In the Thinx case, Agrawal allegedly had an obsession with one employee’s breasts, touching them without permission and asking her to expose them.

She was also accused of holding routine video conference meetings while naked in bed and frequently changing clothes in front of employees. 

What’s more, there are reports that she conducted at least one FaceTime meeting while sitting on a toilet and regularly discussed her sexual exploits, including polyamory. Other reports indicate she expressed an interest in having a sexual relationship with at least one of her female employees.

Why Don't People Report Same-Sex Sexual Harassment?

Most researchers suggest that the actual number of people who have experienced same-sex sexual harassment is likely higher than what is currently being reported. In fact, it is extremely difficult to measure how frequently it occurs in the workplace because people often never file a complaint. 

Aside from the fact that it is difficult to report and prove, victims of sexual harassment often worry that they are somehow to blame for the unwelcome sexual advances. What's more, they worry about what others will think of them if they do file a report, especially when the harasser is the same gender. They are often riddled with embarrassment and shame over what is happening to them.

Another reason for failing to report sexual harassment includes fear of retaliation.

Research has found that sexual harassment is often ignored or trivialized by management within organizations. Additionally, when victims do say something about the treatment or ask that it stop, they are often met with hostility and accusations.

Still, experts expect to see a rise in the number of same-sex sexual harassment complaints as employees become more empowered. In general, people are more willing to stand up to others and point out that their civil rights have been violated.

Why Do People Sexually Harass Others?

Too often, when someone is sexually harassed at work, people start to question the role the victim played in the abuse.

But psychologists caution against this victim-blaming viewpoint. Most would argue that regardless of the perpetrator's gender and sexual orientation, sexual harassment is driven by anger and insecurity as much as it is by attraction. 

In fact, most people who sexually harass others, regardless of whether they are men or women, are looking to control and dominate others. The harasser feels more in control when she has power over someone else. What's more, some harassers are looking to embarrass and humiliate their targets rather than sexually stimulate or flirt with them.

Sexual harassment is more about using a position of power to control and hurt someone else. Meanwhile, others say that in the workplace sexual harassment is a form of manipulation.
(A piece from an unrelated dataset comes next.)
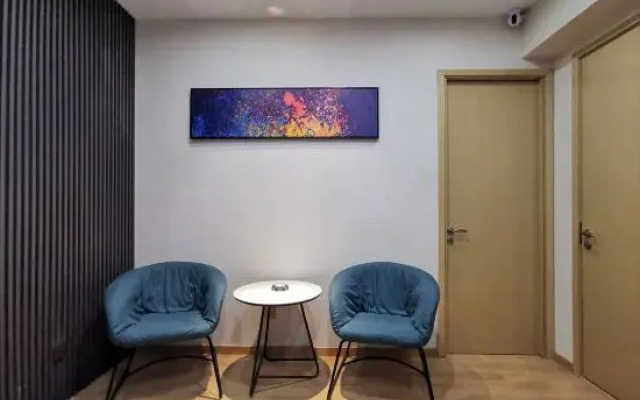Heyue Hotel (Taiyuan Changfeng Business District Vientiane City Branch)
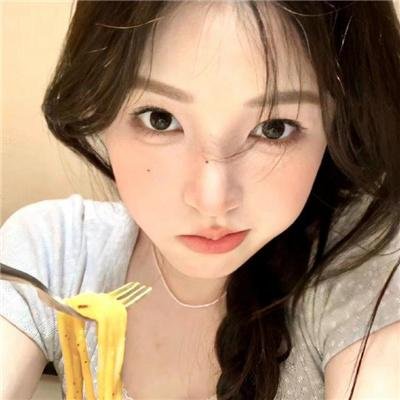 她来自台北 海报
It's a way to inadvertently devalue someone's work by calling attention to their sexuality instead.

How Often Does Sexual Harassment Occur?

According to a 2015 survey, one out of three women between the ages of 18 and 34 experiences sexual harassment at work. Of those women, 81 percent of them have experienced verbal harassment, 44 percent have received sexual advances and unwanted touching, and 25 percent have dealt with lewd texts or emails. Meanwhile, 75 percent of women were harassed by male coworkers and 10 percent by female coworkers. 

Yet, very few women are reporting the abuse. In fact, 71 percent of women say that they never reported the sexual harassment they endured at work. And of the 29 percent who did report the harassment, only 15 percent felt it was handled properly. 

For those who work to educate others about sexual harassment prevention, these figures are particularly disappointing—especially considering that the Bureau of Labor Statistics reports that 70 percent of employers provide sexual harassment training and 98 percent of companies have sexual harassment policies. 

If you have been a victim of sexual harassment at work, let someone in management or human resources know what you are experiencing. And if they do not take you seriously, contact the EEOC or an attorney for suggestions on what to do next.